Wednesday, May 30, 2007

Pilkada - Sesungguhnya Ini Soal Apa?

Awicaks

Ini berangkat dari pertanyaan sederhana. Denny J.A. yang sudah sedemikian berhasil dengan metoda quick-count, mengapa bisa begitu merajai ajang pemilihan kepala daerah (pilkada)? Ibarat penonton sebuah pertunjukan sulap, saya begitu terpesona oleh kecanggihan orang itu. Ketika ia memperoleh penghargaan sebagai seorang political enterpreneur, saya pun terkesiap. Political enterpreneur? Maka pertanyaan saya pun saya tarik kembali....

Era pasar bebas yang serba tergesa, serba kemilau oleh kemasan, ternyata memang sangat ganas merambah semua ranah tata-kehidupan manusia. Tak terkecuali politik. Maka pelajaran-pelajaran dasar demokrasi pun mesti tak diajarkan lagi. Pertama karena ia sudah tak relevan. Kedua, karena politik tak lebih dari arena pemenangan. Jadi ini bukan perkara benar-salah, tapi sesederhana perkara menang-kalah. Menang-kalah di era pasar bebas yang serba tergesa dan serba kemilau menuntut manipulasi-manipulasi produk. "Buatlah warga membeli sesuatu yang sesungguhnya ia tak membutuhkannya."

Sehingga program-program pendidikan publik lewat media televisi, seperti yang diusung Wimar Witoelar dan Effendi Gazzali, jadi seperti kotbah-kotbah kosong para pemuka agama tua, yang tak mampu mengejar kemilau gaya hidup pemuka agama usia muda, yang tahu bagaimana merebut perhatian pangsa agar mau membeli produk-produknya. Padahal Wimar dan Effendi adalah dua orang pakar komunikasi. Agaknya pesan moral memang tidak akan pernah bisa dikemas sedemikian rupa dalam komoditas pasar bebas yang serba kemilau dan serba tergesa. Acara Gubernur Kita mencoba membalikkan opini publik dengan coba mengganggu para kandidat yang lebih mengandalkan kuasa dan modal. Pada akhirnya kedua pakar komunikasi itu pun harus takluk tunduk kepada aturan pasar, ketika kuasa modal menghentikan langkah mereka.

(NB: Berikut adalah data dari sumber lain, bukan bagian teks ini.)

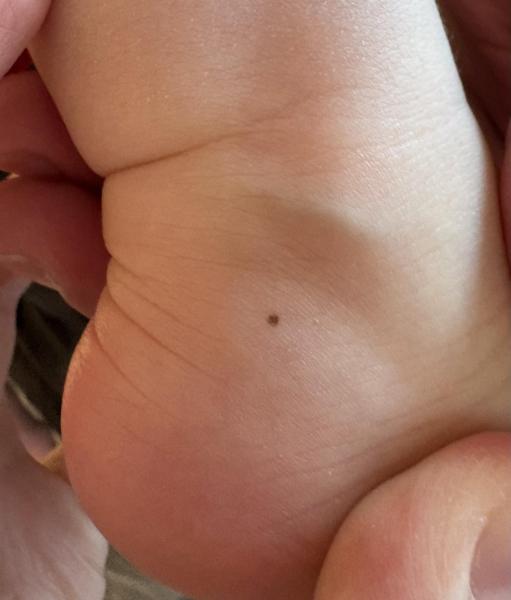 Bild zu Muttermal Kleinkind 17 Monate - Haut von Babys und Kindern ✔️ Expertenforum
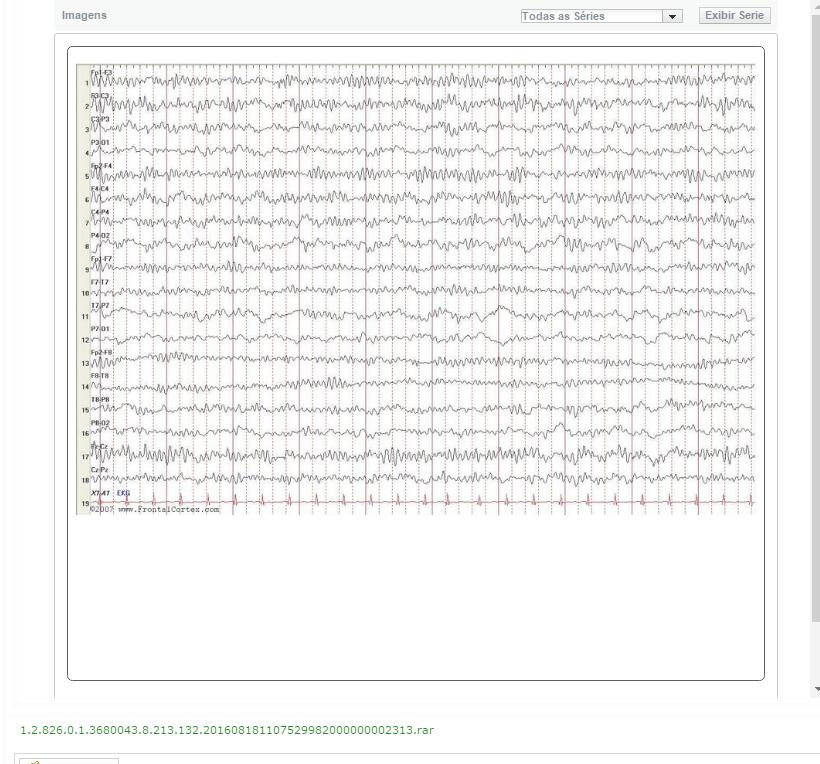 1.9 Além de visualizar as imagens do EEG selecionadas pelo profissional que realizou o exame no paciente, o especialista também deve baixar para seu computador o arquivo completo de EEG.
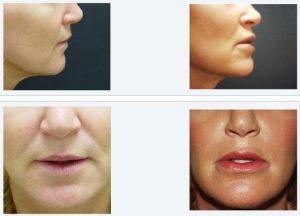 Cheek Filler Before and After: A New Look You’ll Love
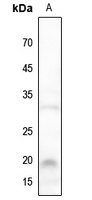Anti-NBL1 Antibody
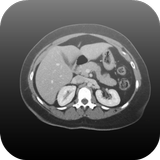 Radiology CT Viewer ícone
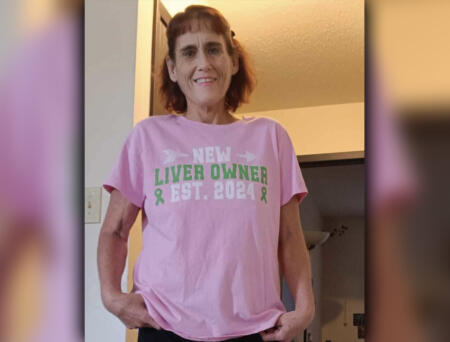 Hours after liver transplant: ‘I had to walk 15 stairs; I have 15 stairs in my apartment’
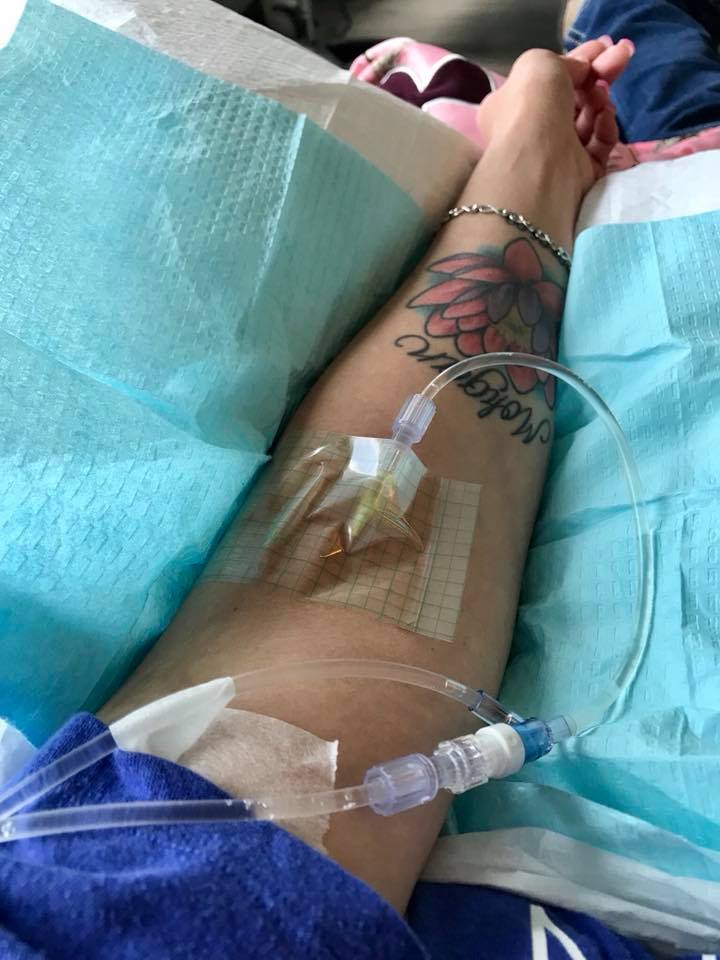 woman receiving IV infusion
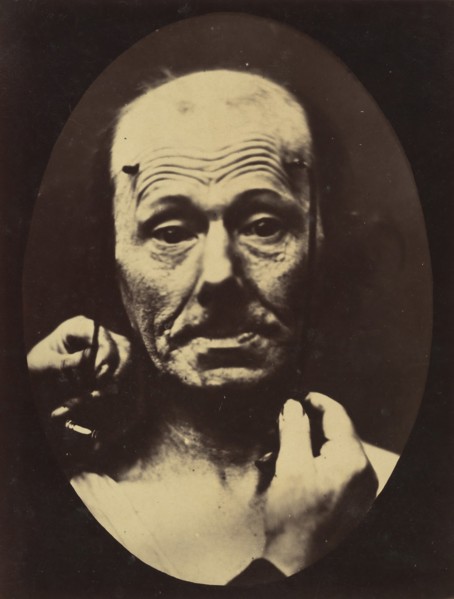 Figure 8: Contraction of the right m. frontalis. , 1854-56, printed 1862.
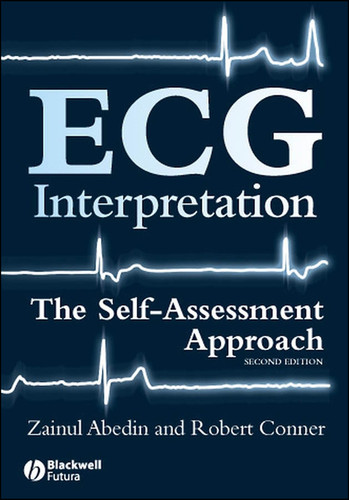 ECG Interpretation: The Self-Assessment Approach book cover by Zainul Abedin, Robert Conner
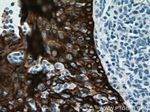 Cytokeratin 16 Antibody in Immunohistochemistry (Paraffin) (IHC (P))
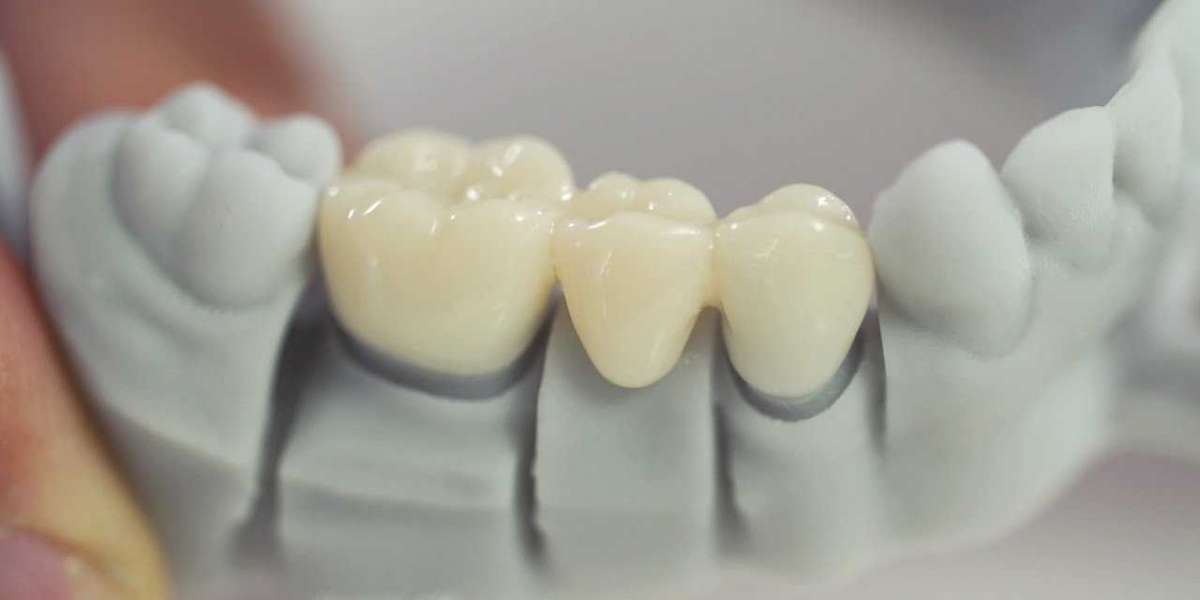 Dental 3D Printer Market Analysis, Size, Share, Growth, Trends, and Forecast till 2028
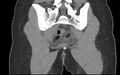Bilateral mature cystic ovarian teratoma (Radiopaedia 88821-105592 Coronal non-contrast 34).jpg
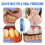 3pcs Gum Shield-therapy Gel 5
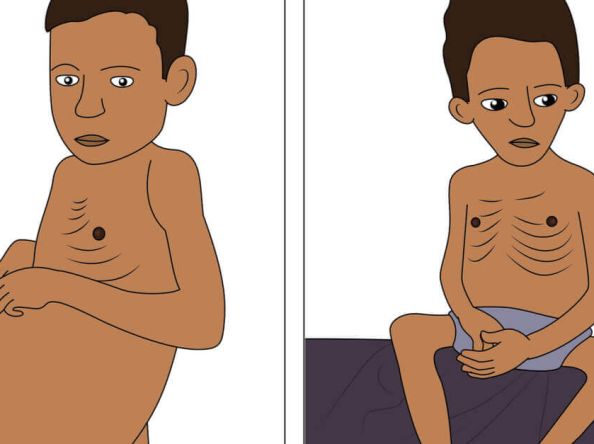 كواشيوركور و مارازمس: أمراض سوء التغذية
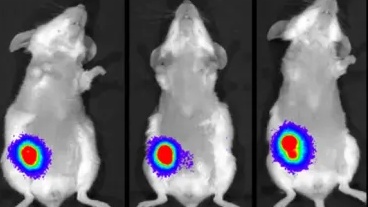 Egy kezeléssel teljesen elpusztultak a rákos sejtek: az áttörés még a magyar kutatókat is meglepte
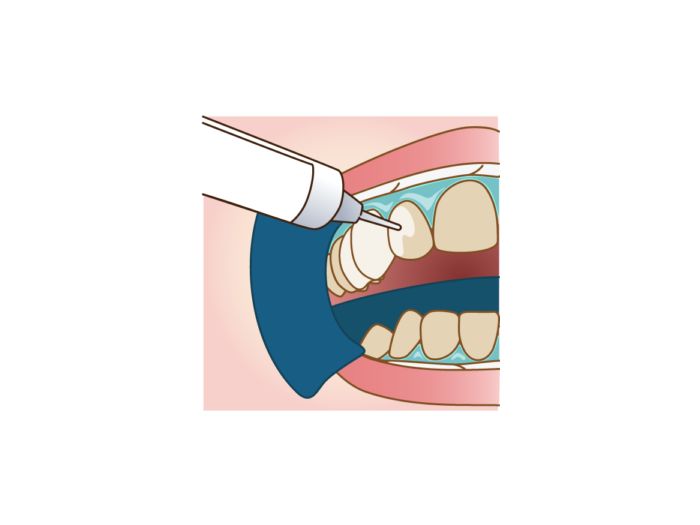 唇・歯茎の保護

Pengalaman Pilkada Nanggroe Aceh Darussalam (NAD) adalah satu anomali. Anomali yang timbul oleh kepongahan para politikus yang bersandar pada kuasa dan modal. Namun juga anomali yang merupakan reaksi negatif terhadap peran-peran para konsultan pemasaran politik. Calon independen bukan sesuatu yang atraktif sekarang ini buat para konsultan pemasaran politik. Pertama, karena mereka tidak punya modal besar, sehingga tak akan mampu membayar professional rates mereka yang sudah sedemikain tinggi. Kedua, partai politik masih tetap menjadi simpul-simpul pemasaran komoditas politik yang handal hingga saat ini. Tetapi ini lebih kepada besarnya nilai transaksi, bukan soal hasil akhir, menang-kalah.

Pemilihan Gubernur Daerah Khusus Ibukota (DKI) Jakarta adalah pertarungan yang aneh. Pertarungan antara akal sehat, kebutuhan tanding yang elegan dengan kerakusan para political enterpreneurs. Jadi, ini sesungguhnya soal apa?